Starring Alec Baldwin, Anthony Hopkins, Jennifer Love Hewitt, Kim Cattrall, Dan Aykroyd, Amy Poehler, Barry Miller. Directed by Harry Kirkpatrick (Alec Baldwin). (106 min)

Review by Stinky the Destroyer😾

Despite its rather impressive cast, there’s a good chance some of you have never heard of Shortcut to Happiness. However, this one has a tumultuous history that is ultimately more interesting than the film itself.

Shortcut to Happiness began life as The Devil and Daniel Webster, an updated adaptation of the classic short story by Stephen Vincent Benet. The first – and to-date, only – film to be directed by Alec Baldwin, it was shot in 2001. However, it ran into post-production funding issues and sat on the shelf for a few years. The film was later purchased by another company, heavily re-edited & given a new title. Apparently, the changes were so massive that Baldwin had his name removed as director. The final product was unceremonially released in 2007, coming-and-going without anyone really noticing. And only now is it creeping its way onto home video.
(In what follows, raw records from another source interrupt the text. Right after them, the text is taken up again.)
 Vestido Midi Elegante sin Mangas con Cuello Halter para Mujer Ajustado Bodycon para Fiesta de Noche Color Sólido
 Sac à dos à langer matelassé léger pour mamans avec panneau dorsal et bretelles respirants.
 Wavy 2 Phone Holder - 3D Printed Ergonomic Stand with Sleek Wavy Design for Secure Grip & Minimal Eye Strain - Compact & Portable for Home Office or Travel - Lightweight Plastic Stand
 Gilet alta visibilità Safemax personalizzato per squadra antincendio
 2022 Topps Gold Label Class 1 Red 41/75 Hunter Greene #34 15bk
No bonus features are included, which is sort-of a shame since films with troubled productions generally have the most interesting histories. So we have no idea how the final cut differs from Baldwin’s. As it is, Shortcut to Happiness may not be all that memorable, but it’s far from a black stain on his resumé.

Simultaneous Charley horses.
Updating the story to present-day New York, Jabez Stone (Baldwin) is a down-on-his-luck writer who makes a deal with the devil (Jennifer Love Hewitt) in exchange for the success he’s always wanted. Of course, what constitutes success isn’t what he envisioned. He goes to his publisher, world-renowned Daniel Webster (Anthony Hopkins), for guidance. It turns out Webster has dealt with the devil before and suggests they take her to court.
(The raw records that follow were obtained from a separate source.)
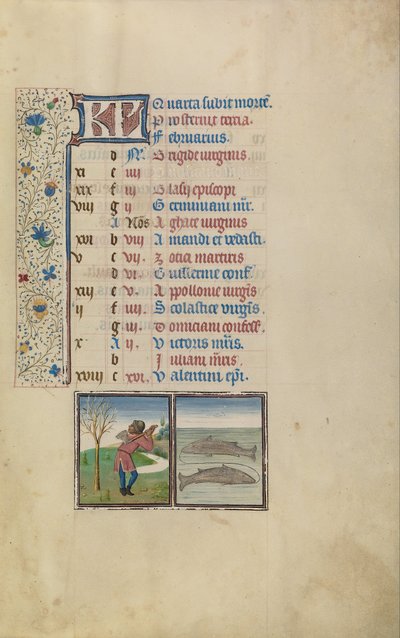 Ein Mann beim Baumfällen; Sternzeichen Fische von Workshop of Willem Vrelant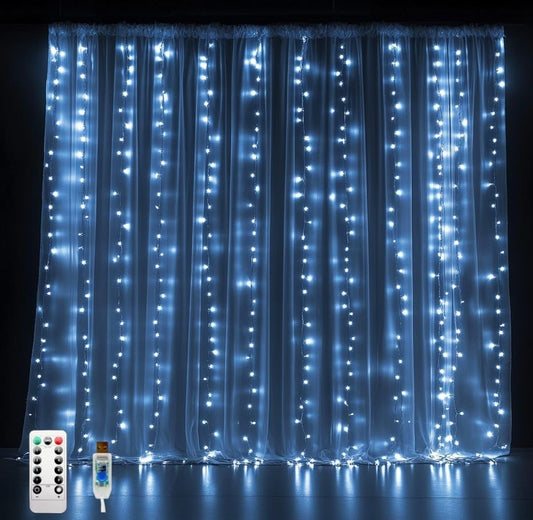 2 Pack Fairy Curtain Lights, 300 LED Upgraded Tangle-Free Hanging Lights with Remote, USB Plug in String Lights for Wall Window Wedding Party Xmas Home Décor - 9.8 x 9.8 Ft, Cool White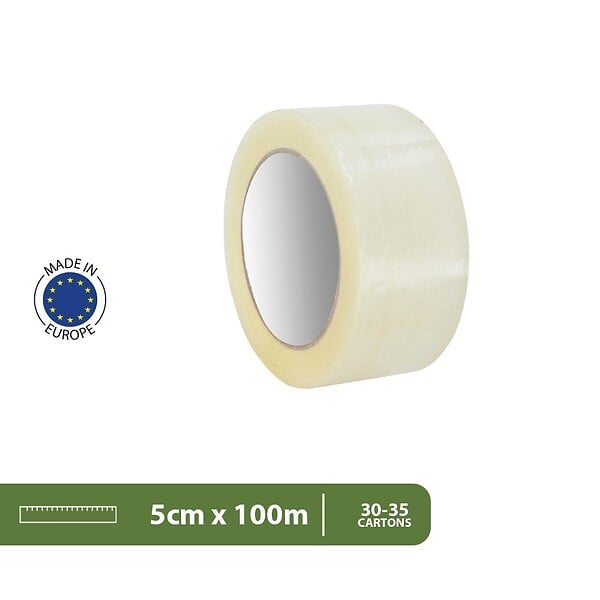 PACK AND MOVE - Pack and Move - Lot 36 Rouleaux Ruban Adhésif Transparent Pour Emballage Et Déménagement - 100 M - Qualité Premium - large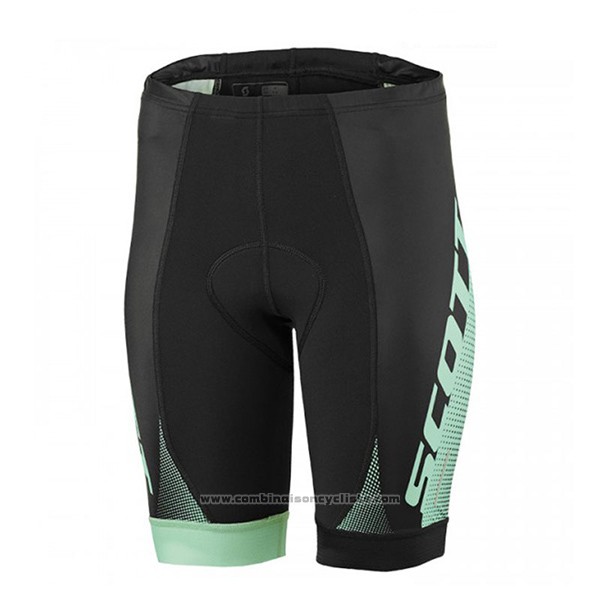 2017 Maillot Cyclisme Femme Scott Noir et Vert Manches Courtes et Cuissard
It’s a classic story, adapted and reworked countless times before-and-since in various movies, books and television. Comparatively speaking, the word that best-describes Shortcut to Happiness is adequate. Adequate direction, adequate writing and adequate performances by a cast that puts adequate effort into their roles. The story efficiently moves from one scene to the next, checking-off all the required boxes. But at no time does the film aspire to be anything more. It’s content to retell an already familiar tale without putting any kind of unique spin on it. There are no surprises, no twists, no memorable moments and – with the possible exception of Hopkins – no stand-out performances.

While it’s doubtful the viewer walk away thinking it’s 106 minutes they won’t get back, Shortcut to Happiness is as generic as its title. The film is certainly watchable – even enjoyable – but likely to fade from memory as swiftly as it once did in theaters. Maybe Baldwin’s original vision was decidedly different, but I guess we’ll never know.